Now center the arrow again and look closely. You can see the line of the old hand-built ditch going straight north from the current tunnel entrance and curving around the airmail arrow less than 200 feet to the west, suddenly ending at about the 11:00 position from the arrow. If you look from I-80 in Mogul, you can see the massive slide that brought the ditch down. You can also see it directly north of the arrow in the satellite view. Look about 250 feet east, and you can see the old ditch start up again, then snake way around the hill until it rejoins the existing ditch at….Hole in the Wall! The eastern portion of the old ditch is now a jogging/bike trail, while the eastern half is rarely used and overgrown (it’s hard to get to unless you come across private property from Mogul bushwhack up from the river like I did, or try to cross the loose, shifting soil of the landslide). But, 150 years ago, hundreds of Chinese immigrant laborers cut that ditch painstakingly by hand, and for many years it was the route that brought precious water to the farms and ranches that fed Reno, Carson, and Virginia City.

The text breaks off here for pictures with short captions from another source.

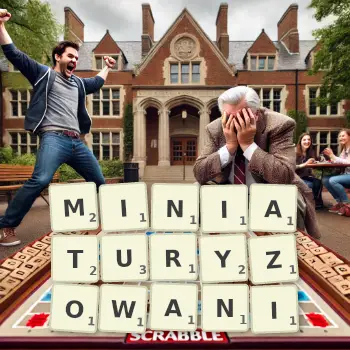 Kreatywna ilustracja do gry w Scrabble ze słowem MINIATURYZOWANI ułożonym z płytek na planszy.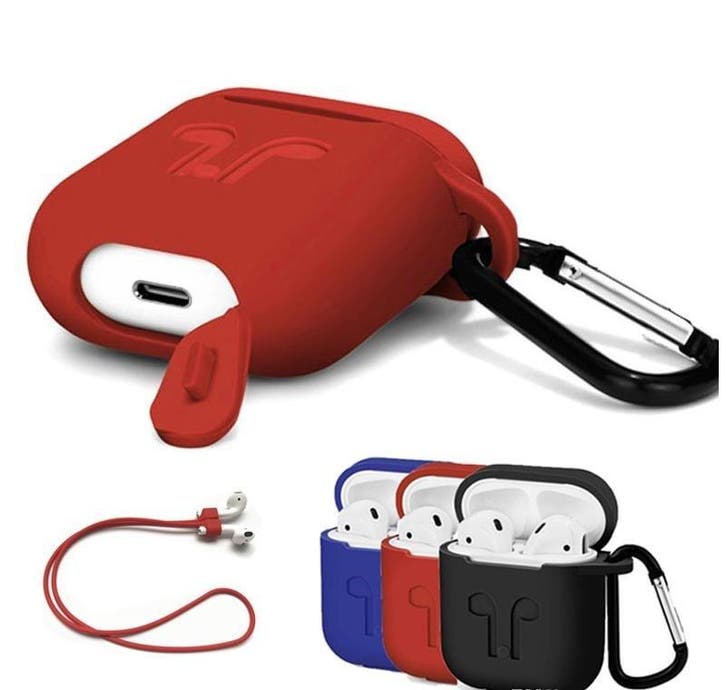 Case airpod airpods 1 & 2 hoes siliconen hoesje + strap + ha, Audio, Tv en Foto, Hoofdtelefoons, Nieuw, Verzenden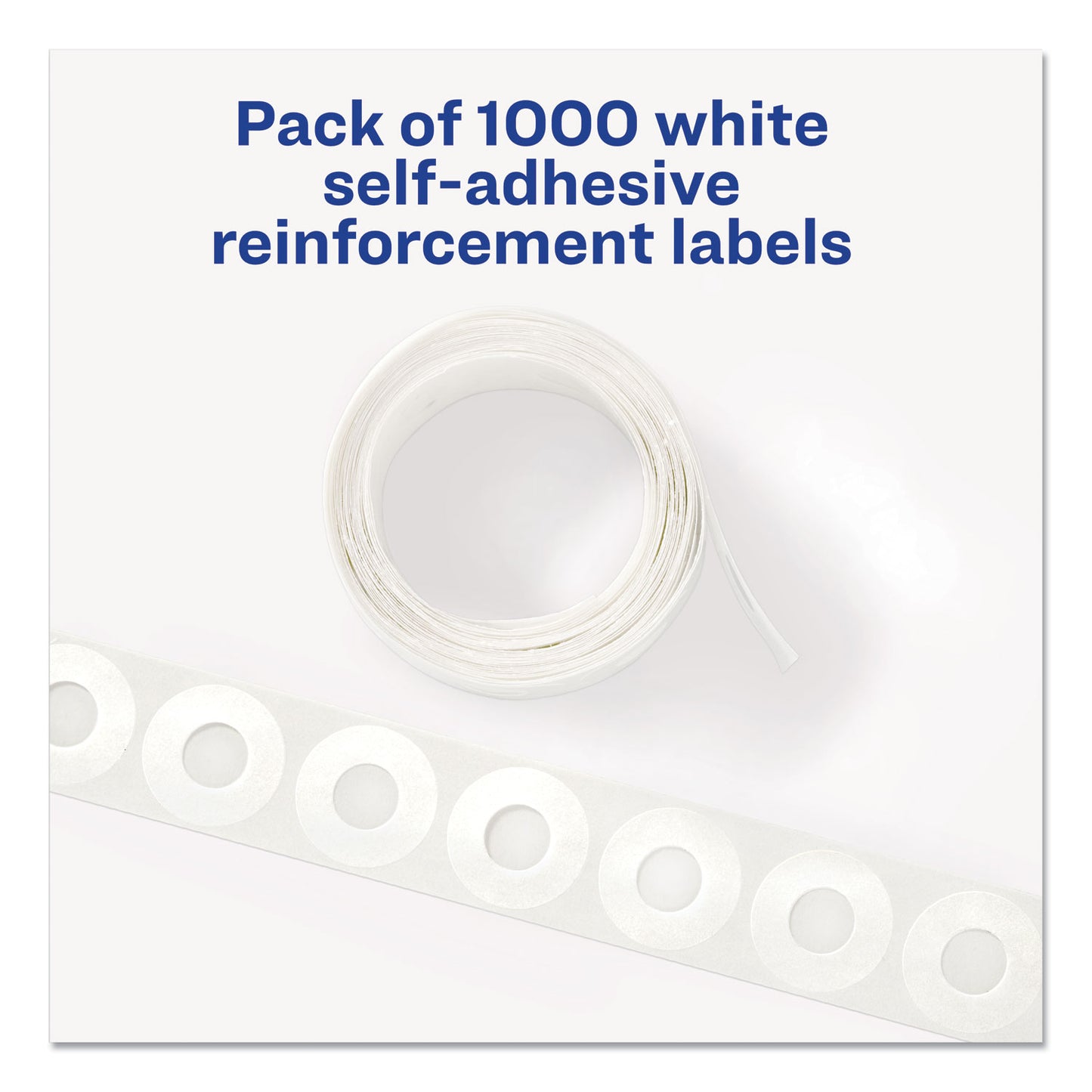 Avery Dispenser Pack Hole Reinforcements, 0.25" Dia, White, 1,000/Pack, (5720) (05720)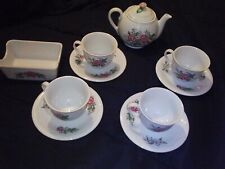 vintage hallmark Tea set Of 4 With Sugar Packets Container And Tea Pot picture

One more thing: scroll in as much as you can and then look about 400 feet west of the arrow. You will see a large tan area bounded on the left by a stream with lots of green foliage. In the middle of the tan, you will see a group of white rocks that look just a little too regular to be natural. You are right. They are old blocks of granite, quarried and left on site, and cut using a drill and wedge technique from the early 1800s. It isn’t certain, but they are probably left over from quarrying operations for the Transcontinental Railroad, since the technique matches that time period, and they are close to the route. There is also a small and long-abandoned irrigation ditch about 30 feet to the east of the quarry. If you scroll out, you can see that it runs from the Steamboat Ditch along the green, brown, and tan sections of the meadow, then splits into a T and goes down to an area of low land near the river. Ironically, once the ditch was built, it was easier and cheaper to divert water from the Truckee River about five miles upstream, run it through a series of flumes and ditches, then dig another ditch down the mountain and run the water onto fields next to the river than it was to just pull the water from the river and move it uphill a hundred feet! If you go to the site, you will find the old ditch, complete with old bits of lumber and a small concrete culvert to allow foot and small vehicle traffic to cross. It may have been part of Sal Carcione’s Carson Ranch, which occupied this area, or it could be older. I bring this up because this is all history literally under our noses, and there is always more of it to uncover, and more to discover about it. Units 3 and 4 of this project will look at Northern Nevada less as a crossroads and more as a conduit for all sorts of human activity. There is history literally under our feet and in front of our eyes every day as we go about our lives. Taking a college class that covers Nevada history and culture is a great opportunity to learn more about it, and even to explore it in person.

 

The Leftover Granite After Drill and Wedge Cutting Removed the Rest of the Formation

This site is remote and hard to reach, but literally only 1000 feet from I-80: remote in an area that has seen a tremendous amount of human activity to build infrastructure so others can live or move through the desert. Most of the original granite formation was removed as rectangular stone building blocks. Only the squared-off base of the formation remains, along with the rejected, broken blocks left behind. There is no historical marker or any explanation of the site but this.